What I understood is that under the hood I'm calculating the depth of each level and using it to construct the path, this works fine when we have an element that belongs only to one branch.
SELECT (count(?mid) as ?depth) ?midId
FROM <http://rdf.ebi.ac.uk/dataset/go>
WHERE {
obo:GO_0032259 rdfs:subClassOf* ?mid .
?mid rdfs:subClassOf* ?class .
?mid <http://www.geneontology.org/formats/oboInOwl#id> ?midId.
}
GROUP BY ?midId
ORDER BY ?depth
结果:
depth | midId
------|------------
1 | GO:0008150
2 | GO:0008152
3 | GO:0032259
在第二个例子中,事情被遗漏了,我不明白为什么,无论如何我确定问题的一部分是具有相同深度/级别的术语,但我不知道如何我解决了这个问题.
In the second example, things are missed up and I didn't get why, in any ways I'm sure that part of the problem are terms that have the same depth/level, but I don't know how can I solve this.
depth | midId
------|------------
2 | GO:0008150
2 | GO:0009987
2 | GO:0023052
3 | GO:0007154
6 | GO:0007267
推荐答案
感谢@AKSW,我找到了一个使用 的不错的解决方案HyperGraphQL(一个 GraphQL 接口,用于在 Web 上查询和提供链接数据).
Thanks to @AKSW I found a decent solution using HyperGraphQL (a GraphQL interface for querying and serving linked data on the Web).
我会在这里留下详细的答案,它可能对某人有所帮助.
I'll leave the detailed answer here, it may help someone.
我使用的 config.json
文件:
{
"name": "ebi-hgql",
"schema": "ebischema.graphql",
"server": {
"port": 8081,
"graphql": "/graphql",
"graphiql": "/graphiql"
},
"services": [
{
"id": "ebi-sparql",
"type": "SPARQLEndpointService",
"url": "http://www.ebi.ac.uk/rdf/services/sparql",
"graph": "http://rdf.ebi.ac.uk/dataset/go",
"user": "",
"password": ""
}
]
}
这是我的 ebischema.graphql
文件的样子(因为我只需要 Class
、id
、label
> 和 subClassOf
):
Here's how my ebischema.graphql
file looks like (Since I needed only the Class
, id
, label
and subClassOf
):
type __Context {
Class: _@href(iri: "http://www.w3.org/2002/07/owl#Class")

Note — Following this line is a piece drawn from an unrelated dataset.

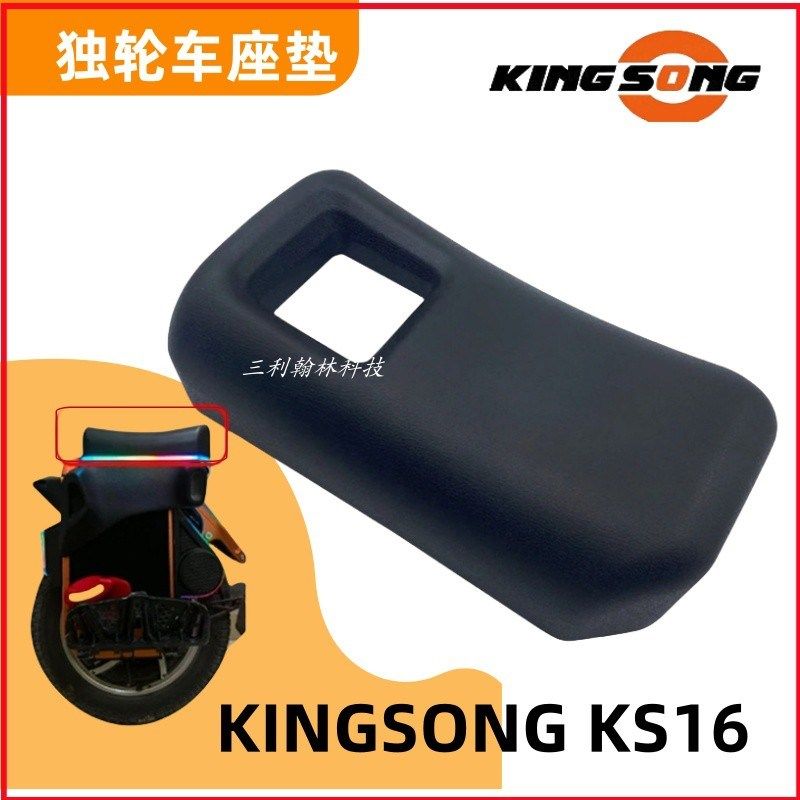 Kingsong-KS16电动独轮车座垫座椅顶部软座金丛KS-16平衡车配件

id: _@href(iri: "http://www.geneontology.org/formats/oboInOwl#id")
label: _@href(iri: "http://www.w3.org/2000/01/rdf-schema#label")
subClassOf: _@href(iri: "http://www.w3.org/2000/01/rdf-schema#subClassOf")
}
type Class @service(id:"ebi-sparql") {
id: [String] @service(id:"ebi-sparql")
label: [String] @service(id:"ebi-sparql")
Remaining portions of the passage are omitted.